London Stockton, an analyst at NDR, underscored this trend in a report, noting that while the market is currently down by 2% with just two days to go before Christmas, historical patterns suggest optimism for a post-holiday rebound.
Recent market data supports the observation of a challenging December. From December 17 through midday Monday, the S&P 500 declined nearly 2%, as per FactSet. Much of the downturn came after Federal Reserve Chair Jerome Powell’s press conference on December 18, during which he hinted at a more measured pace of interest-rate reductions in 2025. This tempered the initial positive reaction to the central bank’s announcement of a rate cut, leaving stocks on shaky ground.
The Santa Claus rally, which spans the last five trading days of December and the first two trading days of the new year, has delivered reliable gains in the past.
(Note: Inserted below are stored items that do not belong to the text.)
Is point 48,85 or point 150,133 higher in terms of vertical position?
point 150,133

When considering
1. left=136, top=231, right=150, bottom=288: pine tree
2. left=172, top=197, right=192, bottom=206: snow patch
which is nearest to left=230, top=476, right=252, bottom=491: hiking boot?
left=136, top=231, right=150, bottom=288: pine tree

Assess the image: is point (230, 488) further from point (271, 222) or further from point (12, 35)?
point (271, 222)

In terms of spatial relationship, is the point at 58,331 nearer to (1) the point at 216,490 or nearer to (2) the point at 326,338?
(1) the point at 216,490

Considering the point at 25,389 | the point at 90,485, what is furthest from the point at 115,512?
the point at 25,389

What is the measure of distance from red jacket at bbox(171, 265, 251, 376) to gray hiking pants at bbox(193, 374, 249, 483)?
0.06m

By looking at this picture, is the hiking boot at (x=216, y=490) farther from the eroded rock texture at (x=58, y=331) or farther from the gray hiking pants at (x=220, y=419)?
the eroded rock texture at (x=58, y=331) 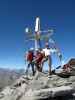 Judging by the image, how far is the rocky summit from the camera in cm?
3134

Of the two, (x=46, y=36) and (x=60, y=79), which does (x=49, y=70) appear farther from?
(x=46, y=36)

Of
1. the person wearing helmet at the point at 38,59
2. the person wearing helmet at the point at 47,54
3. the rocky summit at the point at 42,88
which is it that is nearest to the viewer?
the rocky summit at the point at 42,88

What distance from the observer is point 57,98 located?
3244 cm

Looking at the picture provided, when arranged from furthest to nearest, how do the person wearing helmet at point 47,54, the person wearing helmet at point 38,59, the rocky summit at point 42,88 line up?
1. the person wearing helmet at point 38,59
2. the person wearing helmet at point 47,54
3. the rocky summit at point 42,88

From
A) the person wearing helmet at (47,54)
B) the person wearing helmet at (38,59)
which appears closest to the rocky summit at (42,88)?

Since 1950, the S&P 500 has averaged a 1.3% return during this seven-day window, rising 77% of the time, according to Dow Jones Market Data. This year, the rally is expected to conclude on January 3. NDR’s cycle composite, which charts typical seasonal trends, shows a pattern of strong year-end performance for equities.
Beyond seasonal trends, other factors might help stocks recover before year-end. NDR noted that the U.S. market is currently in short-term oversold territory based on several technical indicators. Additionally, the firm’s sentiment tracker has detected a decline in investor optimism amid December’s weak market performance. This could indicate that cash reserves held by cautious investors are ready to flow back into the market, potentially driving gains.
Even if the Santa Claus rally fails to materialize, investors have enjoyed a strong year overall. As of midday Monday, the S&P 500 was up more than 24% year-to-date, supported by solid performances from major stocks and sectors.
However, the start of the holiday-shortened trading week brought mixed results. Both the S&P 500 and the Dow Jones Industrial Average traded lower, giving back some of the momentum gained during Friday’s rebound.
Meanwhile, the Nasdaq Composite bucked the trend, continuing to rise thanks to strength in Big Tech names like Nvidia, Broadcom, and Tesla, which posted gains of 1.14%, 2.45%, and 4.86%, respectively.
In summary, while the Santa Claus rally may be delayed, historical data and market conditions suggest there is still a chance for a strong finish to the year. Factors such as oversold market conditions and cautious investor sentiment might provide the needed fuel for a rebound, even as broader uncertainties remain. Whether the rally materializes or not, 2024 has already been a banner year for the markets, leaving investors with plenty to celebrate.